> TO DO: Output each line of the data word for word, from the first through the line that holds "Car image 11", and leave off whatever follows.

= = = = = = =

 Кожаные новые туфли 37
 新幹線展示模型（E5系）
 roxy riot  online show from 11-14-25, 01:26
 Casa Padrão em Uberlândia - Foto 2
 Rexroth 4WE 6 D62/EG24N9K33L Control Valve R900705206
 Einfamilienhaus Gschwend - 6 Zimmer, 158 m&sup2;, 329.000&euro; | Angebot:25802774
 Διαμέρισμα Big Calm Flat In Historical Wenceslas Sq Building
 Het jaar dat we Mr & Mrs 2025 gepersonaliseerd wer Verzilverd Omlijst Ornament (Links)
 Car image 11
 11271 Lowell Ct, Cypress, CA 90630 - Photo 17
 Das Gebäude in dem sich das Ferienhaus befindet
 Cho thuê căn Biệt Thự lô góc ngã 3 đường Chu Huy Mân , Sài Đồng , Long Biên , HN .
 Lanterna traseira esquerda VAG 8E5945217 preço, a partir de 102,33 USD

= = = = = = =

> ANSWER TO THIS PROBLEM:
 Кожаные новые туфли 37
 新幹線展示模型（E5系）
 roxy riot  online show from 11-14-25, 01:26
 Casa Padrão em Uberlândia - Foto 2
 Rexroth 4WE 6 D62/EG24N9K33L Control Valve R900705206
 Einfamilienhaus Gschwend - 6 Zimmer, 158 m&sup2;, 329.000&euro; | Angebot:25802774
 Διαμέρισμα Big Calm Flat In Historical Wenceslas Sq Building
 Het jaar dat we Mr & Mrs 2025 gepersonaliseerd wer Verzilverd Omlijst Ornament (Links)
 Car image 11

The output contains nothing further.